Trajectoires des artistes ukrainiens réfugiés : déracinement et enracinement, nomadisme et identités transculturelles#

Résumé de la conférence de Kateryna TARASIUK

le 20 octobre 2025

journée d’études « Les artistes russes, ukrainiens et biélorusses à l’épreuve de la guerre : entre approbation, contestation et escapisme », organisée par l’Université de Lorraine et l’Association française de russisants à Nancy, aux Archives de Meurthe-et-Moselle

La communication met en lumière les trajectoires des artistes ukrainiens réfugiés après le déclenchement de la guerre d’agression menée par la Russie contre l’Ukraine, dont les parcours géographiques, souvent non linéaires, traduisent des mutations profondes. Elle tente de comprendre comment ces artistes, engagés dans l’exploration de la corporéité, de la sexualité, de la déconstruction des normes patriarcales et des représentations non hétéronormatives, confrontent le trauma de la guerre et redéfinissent progressivement leur identité artistique. L’étude s’articule autour de quatre axes principaux : les trajectoires géographiques, la retraumatisation et le travail sur le trauma, la redéfinition du soi artistique et l’émergence d’une identité nomade. Autrement dit, elle étudie comment l’émigration forcée influence leurs pratiques artistiques, les obstacles auxquels elles se heurtent et la manière dont elles se projettent aujourd’hui sur la scène artistique, en Ukraine comme à l’international.

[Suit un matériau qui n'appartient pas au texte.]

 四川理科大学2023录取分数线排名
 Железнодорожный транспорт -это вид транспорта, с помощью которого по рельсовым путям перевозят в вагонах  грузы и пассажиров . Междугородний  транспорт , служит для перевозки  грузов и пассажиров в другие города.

Les résultats provisoires d’une série d’entretiens menés avec les artistes suggèrent que l’émigration forcée due à la guerre confère, malgré elle, une visibilité à ces voix, qui résonnent désormais selon de nouvelles modalités à l’international. Leurs œuvres, à l’image des autrices et auteurs, voyagent et font l’objet de nombreuses expositions. À travers leurs pratiques, les artistes explorent sans cesse de nouvelles formes d’expression situées dans un “entre-deux”, à la croisée des frontières identitaires, culturelles et langagières. En observant les démarches de mes interlocutrices et interlocuteurs, se profile la figure du trickster transculturel, théorisée par Madina Tlostanova : celle d’un être en mouvement, naviguant entre plusieurs identités, langues et espaces-temps. Pour la plupart, l’avenir demeure incertain, et leur lieu de résidence actuel apparaît comme un espace transitoire, peut-être rien de plus qu’un point de passage, ce qui entre en résonance avec leurs états d’entre-deux artistiques.

Une série de questions portait sur le rapport des artistes interviewés à l’héritage culturel et artistique russe, sur l’influence qu’il a probablement exercée dans leurs pratiques passées et sur les changements observables aujourd’hui, après près de quatre ans de guerre d’agression totale menée par la Russie contre l’Ukraine. Ces questions portent notamment sur leur relation à la langue, à la littérature et à l’art russes, ainsi que sur leur perception, en tant qu’artistes, des phénomènes socio-culturels qui traversent actuellement l’Ukraine sous une optique décoloniale, comme le Pushkinopad. La recherche est toujours en cours et donnera prochainement lieu à un article en lien avec les axes et thématiques du projet.